**Work required**
Return, exactly as written, every line from the first line of the data below through the line that contains "Fig. 1. Left".

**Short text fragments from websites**

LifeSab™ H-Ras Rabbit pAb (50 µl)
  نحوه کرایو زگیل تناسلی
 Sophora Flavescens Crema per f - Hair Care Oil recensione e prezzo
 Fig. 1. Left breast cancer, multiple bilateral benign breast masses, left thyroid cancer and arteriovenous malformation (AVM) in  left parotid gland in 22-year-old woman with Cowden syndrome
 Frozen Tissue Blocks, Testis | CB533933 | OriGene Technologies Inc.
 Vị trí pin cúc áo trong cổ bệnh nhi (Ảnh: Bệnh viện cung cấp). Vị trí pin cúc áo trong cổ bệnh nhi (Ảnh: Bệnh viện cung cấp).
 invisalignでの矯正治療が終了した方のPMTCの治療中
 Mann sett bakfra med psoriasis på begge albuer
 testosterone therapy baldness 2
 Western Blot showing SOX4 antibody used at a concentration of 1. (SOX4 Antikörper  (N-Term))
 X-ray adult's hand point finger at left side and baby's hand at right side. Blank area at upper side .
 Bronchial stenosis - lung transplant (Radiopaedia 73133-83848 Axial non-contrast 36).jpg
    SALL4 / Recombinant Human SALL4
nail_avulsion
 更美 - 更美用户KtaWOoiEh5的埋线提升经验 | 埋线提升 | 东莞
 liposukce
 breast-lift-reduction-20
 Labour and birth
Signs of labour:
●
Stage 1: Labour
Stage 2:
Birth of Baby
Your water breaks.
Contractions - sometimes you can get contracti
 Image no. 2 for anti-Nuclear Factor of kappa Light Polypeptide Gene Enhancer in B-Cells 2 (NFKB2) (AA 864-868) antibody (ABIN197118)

**Task output**
LifeSab™ H-Ras Rabbit pAb (50 µl)
  نحوه کرایو زگیل تناسلی
 Sophora Flavescens Crema per f - Hair Care Oil recensione e prezzo
 Fig. 1. Left breast cancer, multiple bilateral benign breast masses, left thyroid cancer and arteriovenous malformation (AVM) in  left parotid gland in 22-year-old woman with Cowden syndrome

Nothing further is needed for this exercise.